┌─ DATA TO PROCESS

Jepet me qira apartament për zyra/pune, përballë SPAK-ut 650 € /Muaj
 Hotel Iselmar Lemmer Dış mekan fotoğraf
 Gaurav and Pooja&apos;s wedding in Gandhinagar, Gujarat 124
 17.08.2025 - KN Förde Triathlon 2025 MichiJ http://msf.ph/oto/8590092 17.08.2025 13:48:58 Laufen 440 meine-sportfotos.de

└─
┌─ DATA TO PROCESS

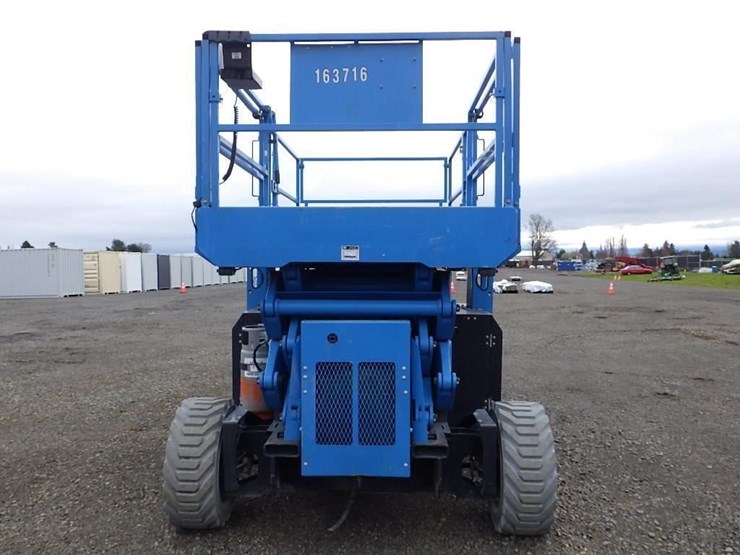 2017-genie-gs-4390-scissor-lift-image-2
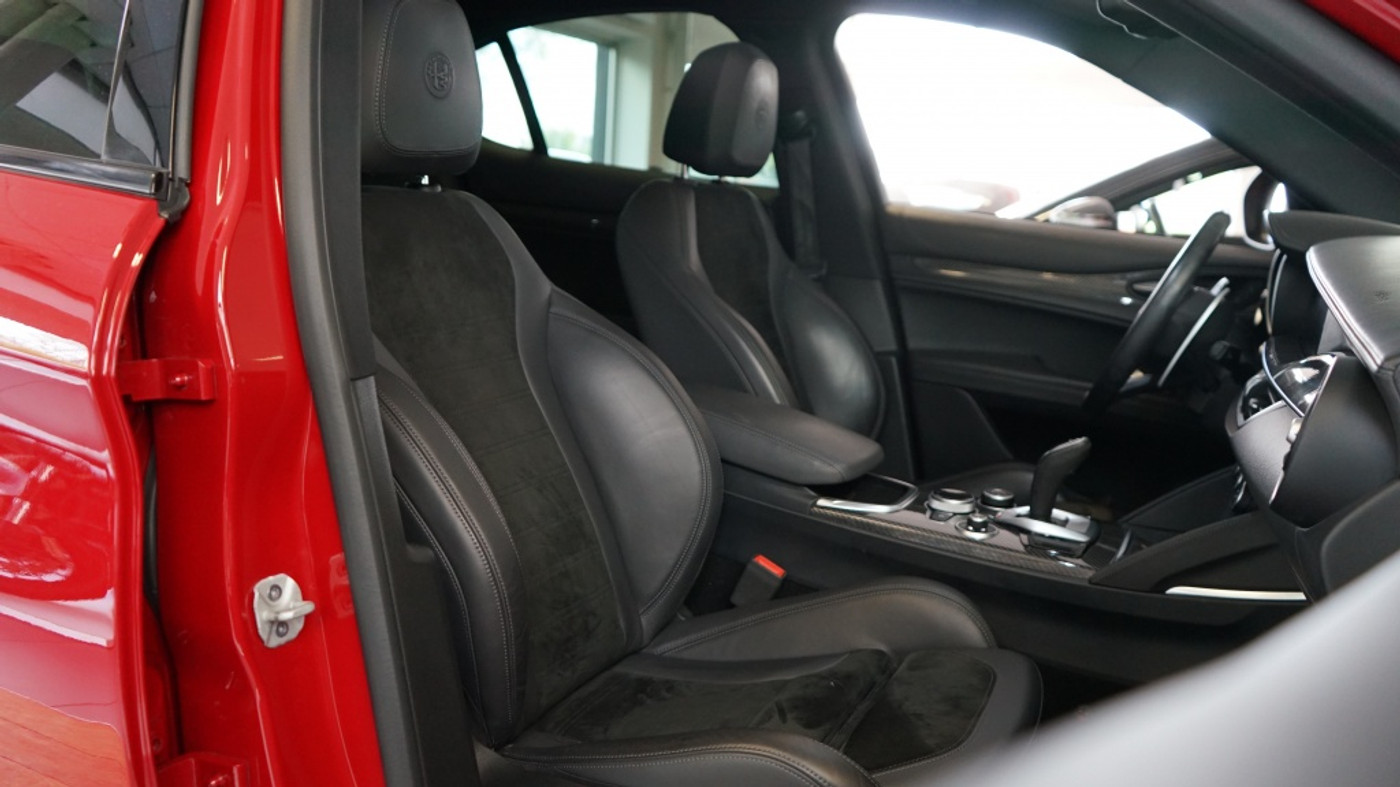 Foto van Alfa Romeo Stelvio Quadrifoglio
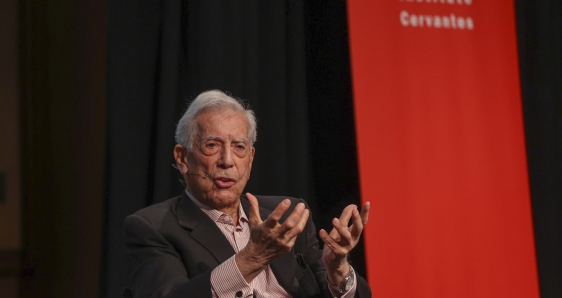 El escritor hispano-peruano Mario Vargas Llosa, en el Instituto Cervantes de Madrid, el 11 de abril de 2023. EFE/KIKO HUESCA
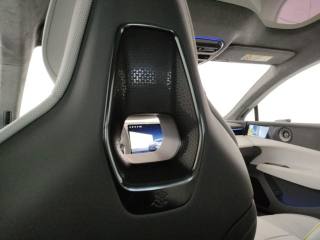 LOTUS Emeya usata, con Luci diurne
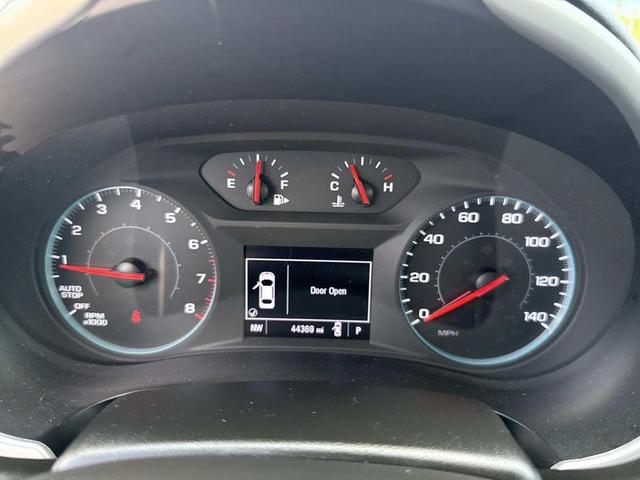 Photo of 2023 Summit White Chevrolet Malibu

└─
┌─ DATA TO PROCESS

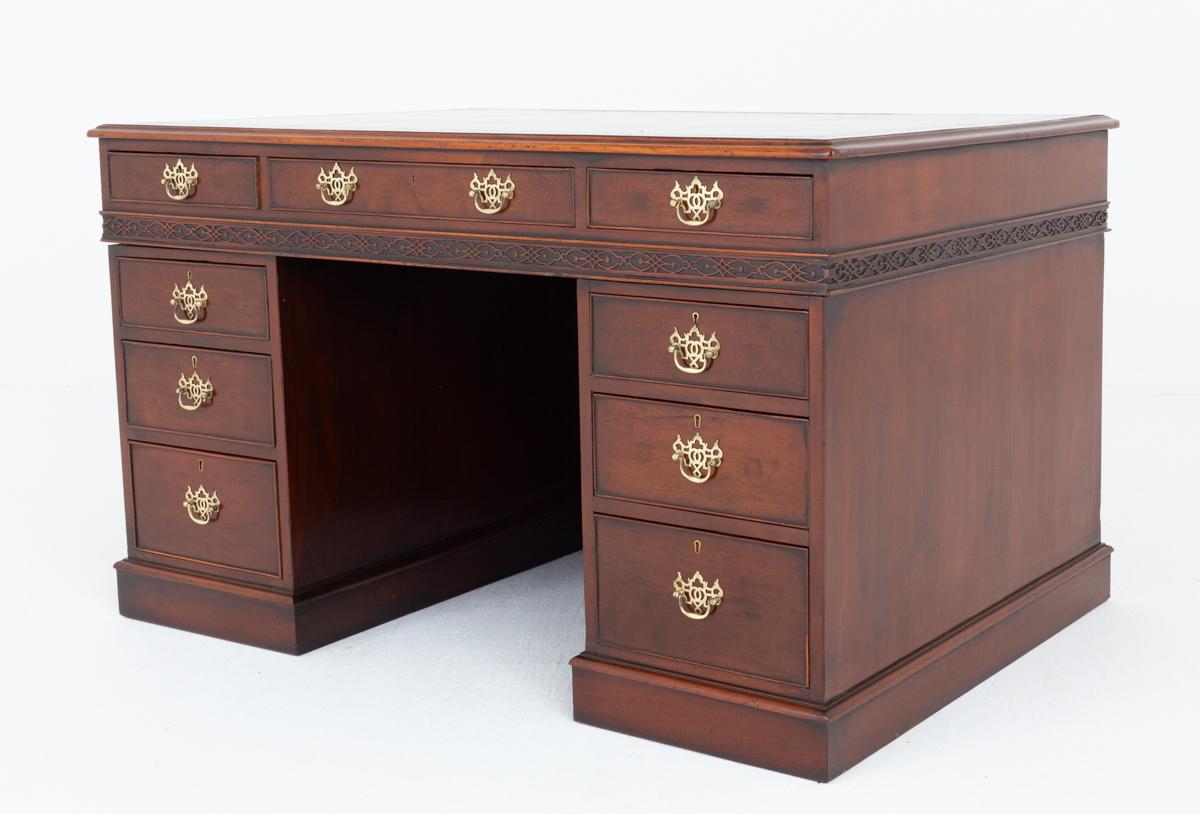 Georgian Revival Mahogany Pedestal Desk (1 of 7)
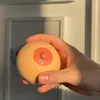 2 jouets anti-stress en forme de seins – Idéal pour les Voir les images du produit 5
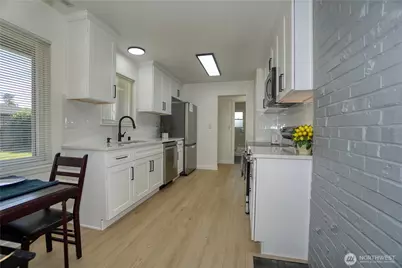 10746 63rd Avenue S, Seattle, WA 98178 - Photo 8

└─

§ AIM OF THE TASK: Print again the lines of the entries above that fall between the line holding "Gaurav and Pooja&apos;s" and the line holding "17.08.2025 - KN", inclusive, exactly as they stand.

§ FINISHED EXERCISE:
 Gaurav and Pooja&apos;s wedding in Gandhinagar, Gujarat 124
 17.08.2025 - KN Förde Triathlon 2025 MichiJ http://msf.ph/oto/8590092 17.08.2025 13:48:58 Laufen 440 meine-sportfotos.de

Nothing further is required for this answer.